• EXERCISE DIRECTIONS: A word-for-word copy of the following listing is needed. Leave out its images.

• DATASET EXCERPT:
:::::

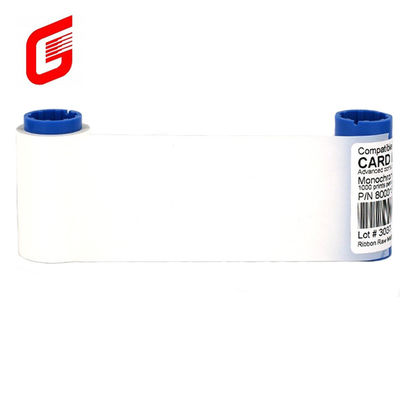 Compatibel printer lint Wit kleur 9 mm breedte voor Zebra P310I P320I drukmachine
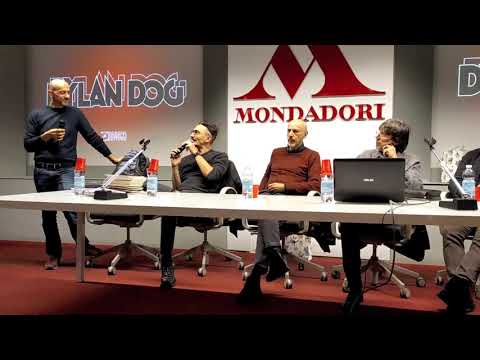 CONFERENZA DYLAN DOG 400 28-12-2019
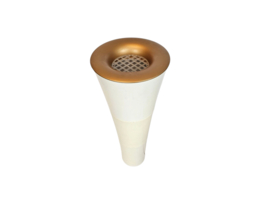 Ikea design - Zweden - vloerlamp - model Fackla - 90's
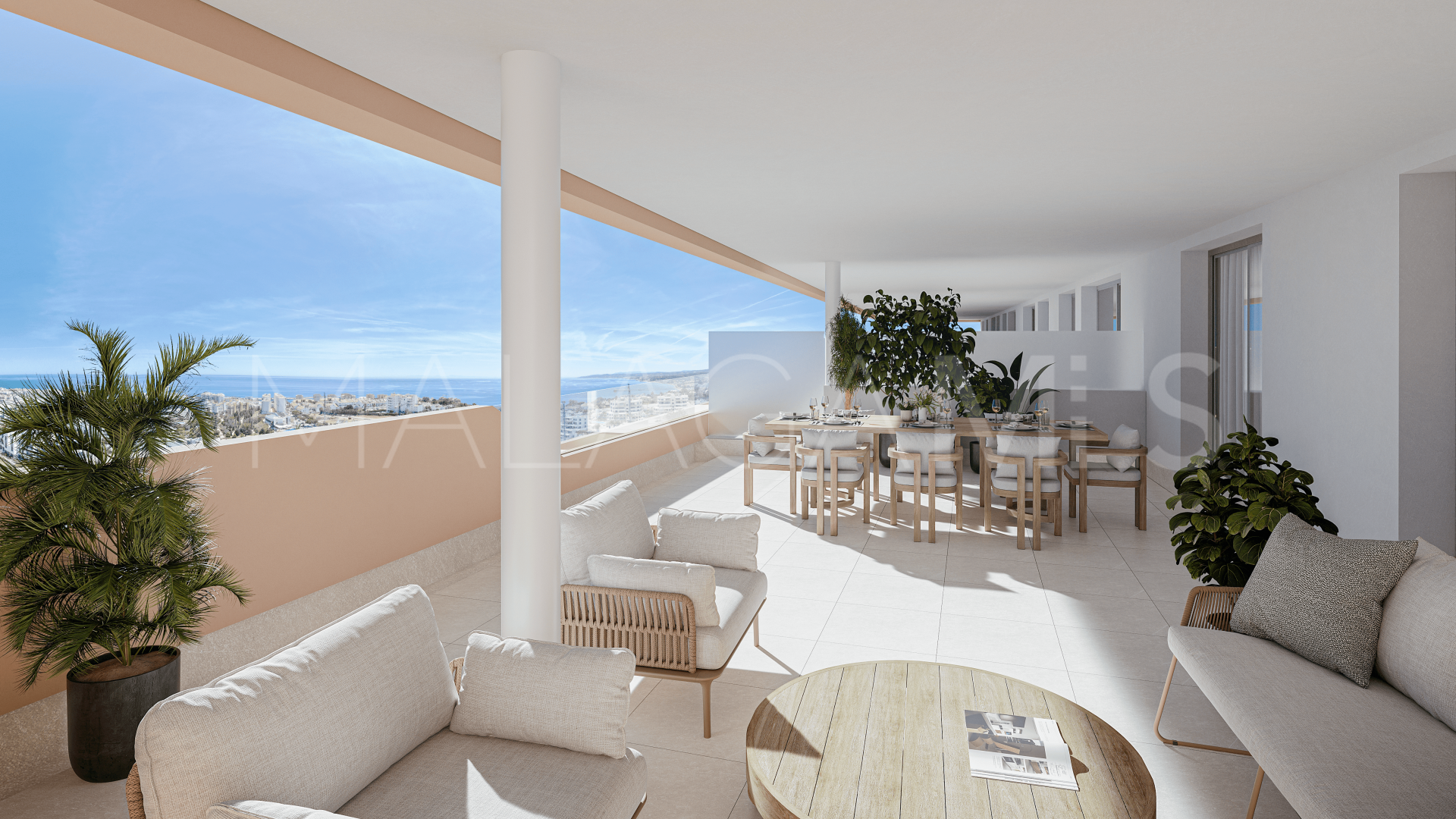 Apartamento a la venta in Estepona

:::::

• RESULT OF THE EXERCISE:
 Compatibel printer lint Wit kleur 9 mm breedte voor Zebra P310I P320I drukmachine
 CONFERENZA DYLAN DOG 400 28-12-2019
 Ikea design - Zweden - vloerlamp - model Fackla - 90's
 Apartamento a la venta in Estepona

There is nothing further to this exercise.